Exactly the lines from the one with "this 700×400 image." to the end of the data below should be set down, and no others.

#### Record excerpts ####

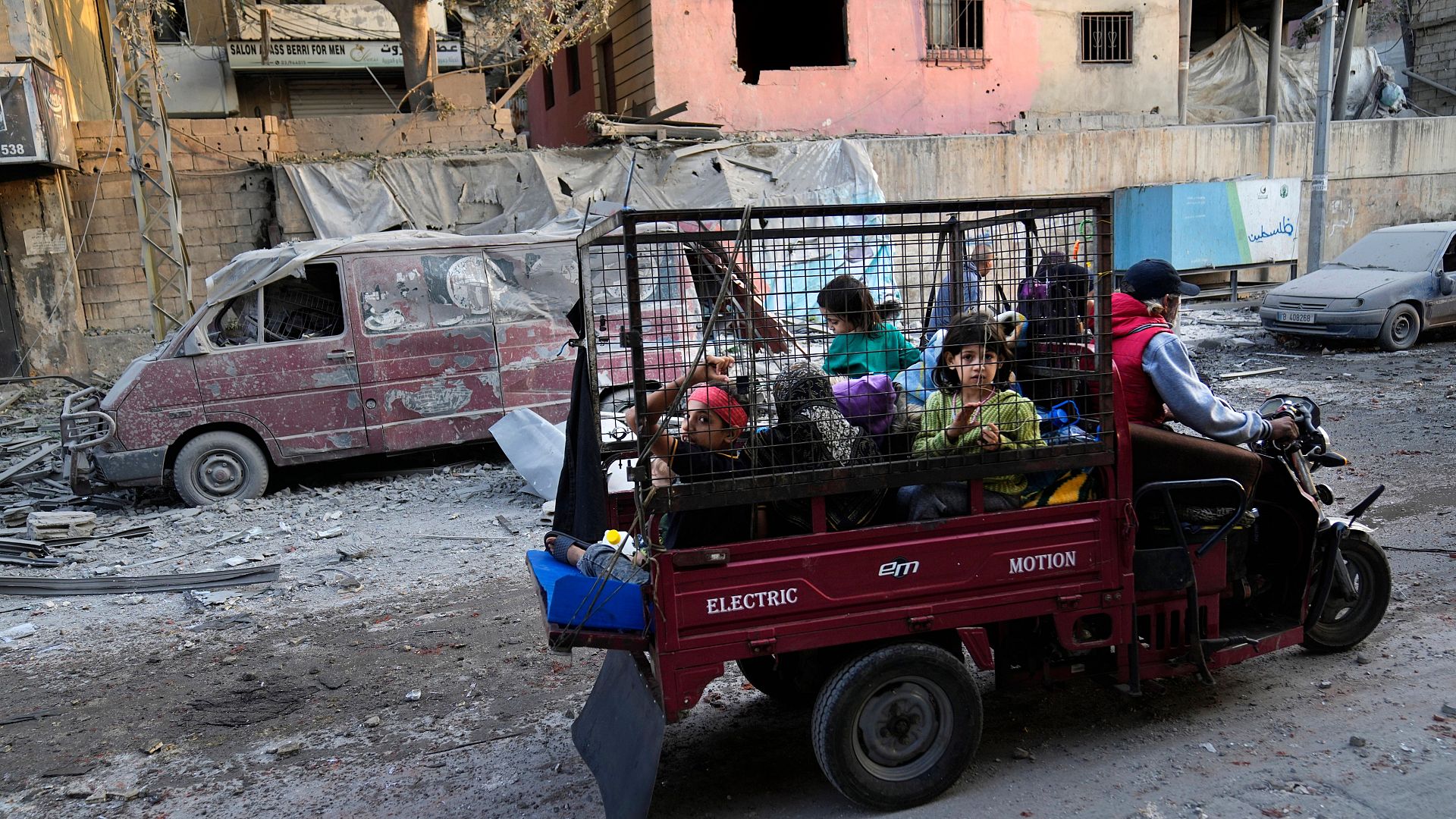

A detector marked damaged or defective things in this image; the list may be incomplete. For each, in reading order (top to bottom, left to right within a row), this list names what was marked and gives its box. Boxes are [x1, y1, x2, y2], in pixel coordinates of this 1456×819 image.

broken window opening [733, 0, 850, 85]
broken window opening [926, 0, 984, 64]
broken window opening [1083, 11, 1135, 64]
crushed car hood [1269, 265, 1426, 300]
minivan flat tire [1374, 301, 1420, 350]
minivan flat tire [173, 431, 271, 507]
minivan flat tire [809, 641, 978, 804]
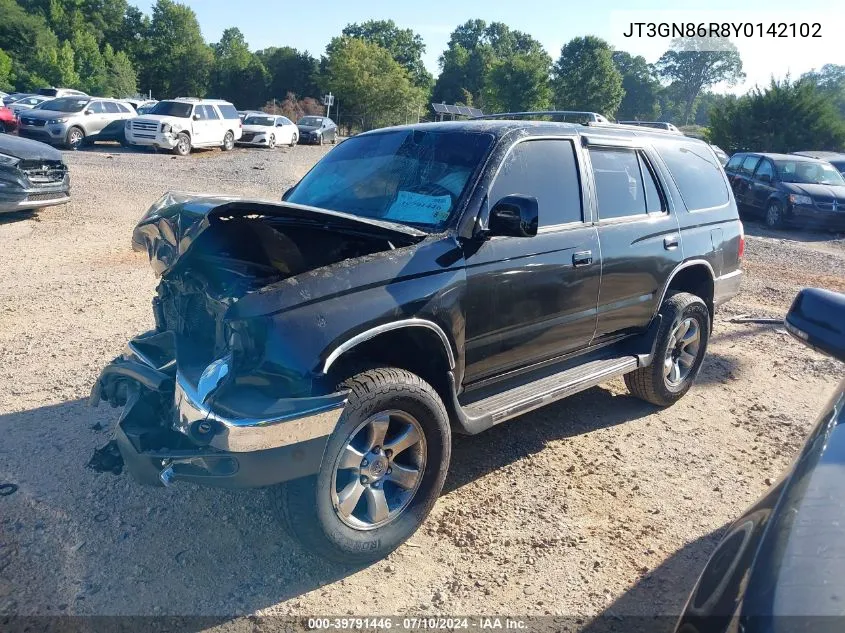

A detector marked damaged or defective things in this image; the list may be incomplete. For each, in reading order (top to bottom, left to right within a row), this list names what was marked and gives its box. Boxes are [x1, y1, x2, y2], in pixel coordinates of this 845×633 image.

damaged front bumper [88, 330, 346, 488]
crushed front end [86, 193, 422, 488]
dented hood [134, 189, 426, 276]
damaged black suv [89, 119, 740, 564]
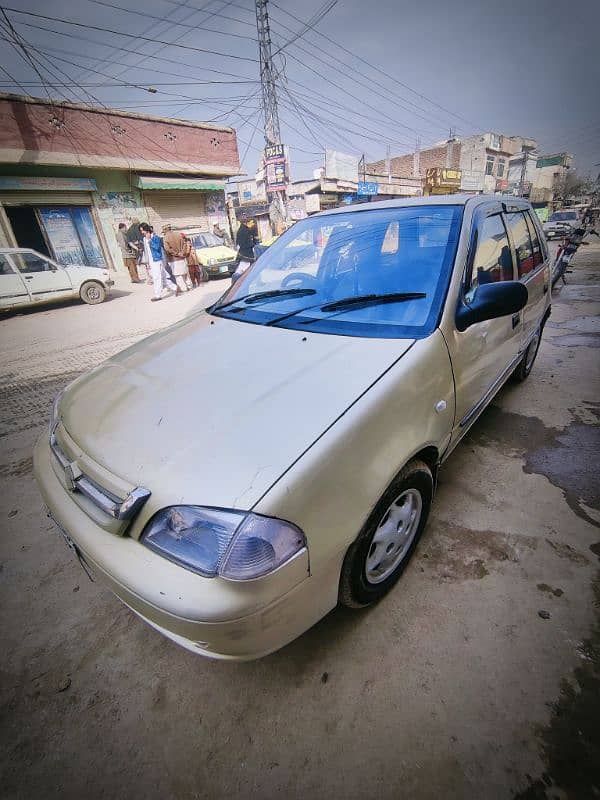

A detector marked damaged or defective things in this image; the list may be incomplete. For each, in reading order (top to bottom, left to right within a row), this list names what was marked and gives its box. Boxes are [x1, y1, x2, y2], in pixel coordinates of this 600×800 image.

cracked headlight [141, 510, 308, 580]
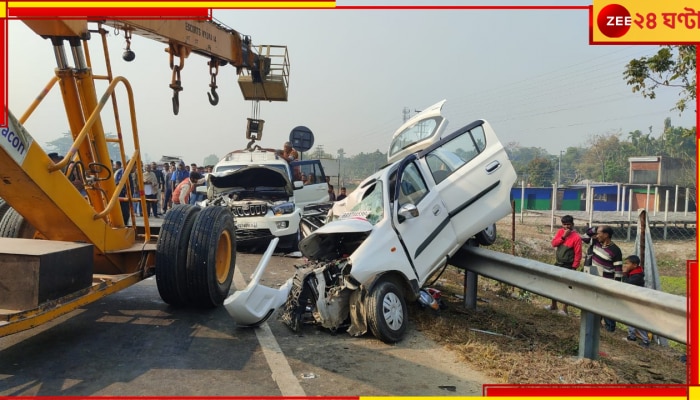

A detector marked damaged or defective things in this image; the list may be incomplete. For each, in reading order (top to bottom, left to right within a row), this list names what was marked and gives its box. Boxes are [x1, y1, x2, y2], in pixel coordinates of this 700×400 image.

damaged car hood [209, 165, 294, 196]
damaged car hood [298, 217, 374, 260]
crushed white car [227, 113, 516, 344]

####

● **Finished exercise**:
A detector marked damaged or defective things in this image; the list may be incomplete. For each, in reading order (top to bottom, left to right within a row), this list names what was marked and gives its box. Boxes are [x1, y1, x2, y2], in pixel coordinates of this 700×400 image.

damaged car hood [209, 165, 294, 196]
damaged car hood [298, 217, 374, 260]
crushed white car [227, 113, 516, 344]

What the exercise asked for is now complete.